Node Js Read or Extract Content from PDF File Tutorial

In this quick post, we will teach you how to eloquently read the content or data from the PDF file in the node js application.

PDF is an abbreviation that means Portable Document Format, and it’s a universal file format developed by Adobe.

It provides a facile, authentic way to present and exchange documents – regardless of the software, hardware, or operating systems.

To read the text from the pdf file, we will use the pdf parse package in node.

The pdf parse is a javascript-based module that works cross-platform and helps you extract texts from PDF files.

How to Read PDF Files Content in Node Js App

  • Step 1: Create Project Folder
  • Step 2: Make Package.json File
  • Step 3: Create App File
  • Step 4: Install PDF Parse Module
  • Step 5: Read PDF Data in Node
  • Step 6: Test Application

Create Project Folder

Head over to terminal, on the command prompt type the command and press enter to form the folder for building node app.

mkdir node-sco

Next, move towards the root of your project.

cd node-sco

Make Package.json File

Let us build the package file for node, to make the file you have to run the npm command from the terminal.

npm init

Create App File

Now, you have to create a server.js file this file allows you to write the logic for reading content from PDF file in node.

Make sure to register the server.js file in package.json’s script section.


...
...
"scripts": {
   "start": "node server.js"
},
...
...

Install PDF Parse Module

Head over to console type the following command and hit enter to install the pdf parse package in node.

npm install pdf-parse

Read PDF Data in Node

In this post, we will be using the following PDF file that you can download from the given URL.

If you have your own PDF file, make sure to keep it at the root of your project folder.

Download PDF File

Thereafter get inside the server.js file and paste the given code into the file.

const fs = require('fs')
const pdfParse = require('pdf-parse')

let extractPDF = async (file) => {
  let fileSync = fs.readFileSync(file)
  try {
    let Parse = await pdfParse(fileSync)
    console.log('Content: ', Parse.text)
    console.log('PDF pages: ', Parse.numpages)

    console.log('File content: ', Parse.info)
  } catch (e) {
    throw new Error(e)
  }
}

let pdfRead = './sample.pdf'
extractPDF(pdfRead)

Test Application

We now have to test the app, lets see how does our code read data from pdf file in node.

Open the console, add the given command and execute command.

node server.js

If all goes well then on your terminal screen you will see the data of pdf file.

Content:  

 A Simple PDF File 
 This is a small demonstration .pdf file - 
 just for use in the Virtual Mechanics tutorials.
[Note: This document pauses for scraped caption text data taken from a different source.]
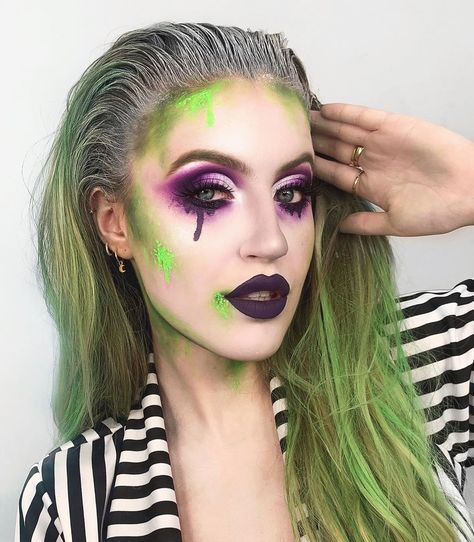 KEILIDH•CASHELL on Instagram: “Since Beetlejuice is hot on Tik Tok at the moment 👻 my hair was stained green after this so I hope you appreciate x  I created this whole…” Keilidh Mua, Halloween Makeup Artist, Pretty Halloween Makeup, Beetlejuice Makeup, Makeup Zombie, Halloween Make-up Looks, Holloween Makeup, Beetlejuice Halloween, Cute Halloween Makeup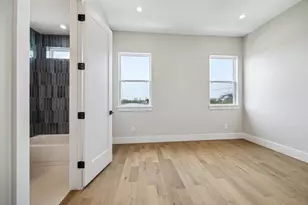 2218 Dennis St, Houston, TX 77004 - Photo 33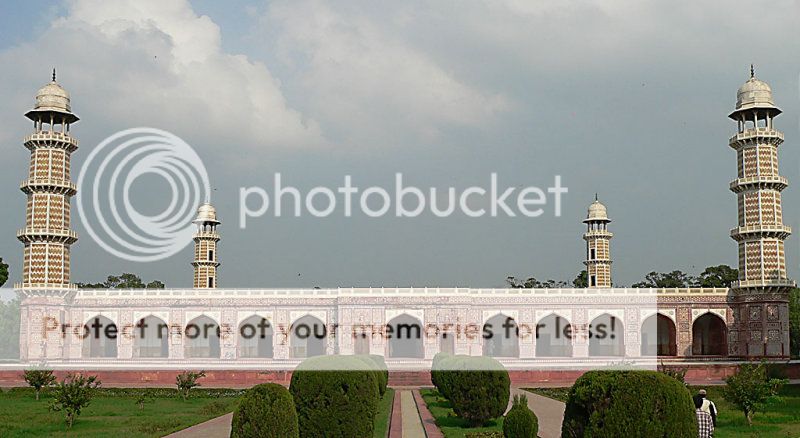 PakistanLahoreEmperorJahangirsTomb_zps8viszixp.jpg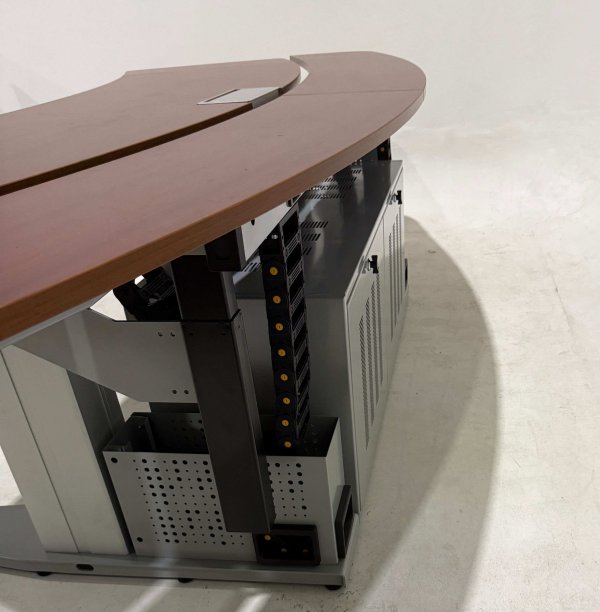 Yodel Lightweight PA66 Nylon Cable Carrier Installed on Automation Control Console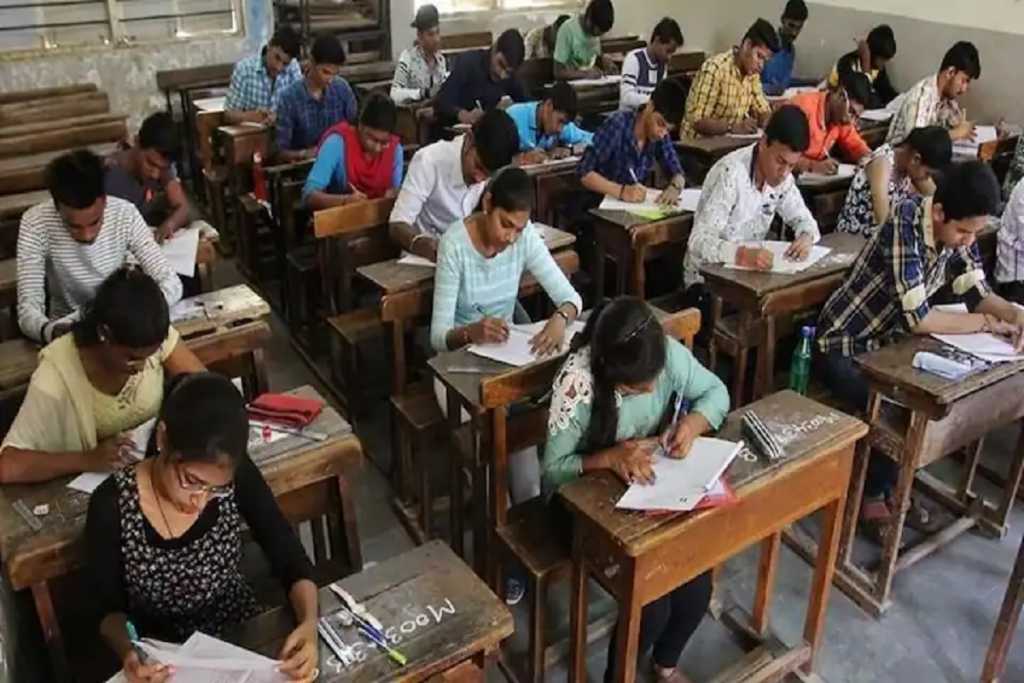 ​SSC-HSC Exam: इस साल 10वीं-12वीं की परीक्षा में ​​पूरे समय​​ बैठेगी सिटिंग टीम​ ​​!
More text. And more 
 text. And more text. And more text. And more text. 
 And more text. And more text. And more text. And more text. And more 
 text. And more text. Boring, zzzzz. And more text. And more text. And 
 more text. And more text. And more text. And more text. And more text. 
 And more text. And more text. 
 And more text. And more text. And more text. And more text. And more 
 text. And more text. And more text. Even more. Continued on page 2 ...

 Simple PDF File 2 
 ...continued from page 1. Yet more text. And more text. And more text. 
 And more text. And more text. And more text. And more text. And more 
 text. Oh, how boring typing this stuff. But not as boring as watching 
 paint dry. And more text. And more text. And more text. And more text. 
 Boring.  More, a little more text. The end, and just as well. 
PDF pages:  2
File content:  {
  PDFFormatVersion: '1.3',
  IsAcroFormPresent: false,
  IsXFAPresent: false,
  Creator: 'Rave (http://www.nevrona.com/rave)',
  Producer: 'Nevrona Designs',
  CreationDate: 'D:20060301072826'
}

Summary

Node Js Read or Extract Content from PDF File Tutorial

So this was it; in this guide, we have tried to explain how to extract text content from pdf files in the node js application using the third-party library.

We are pretty much sure you now have a better understanding of working with pdf files in the node js application.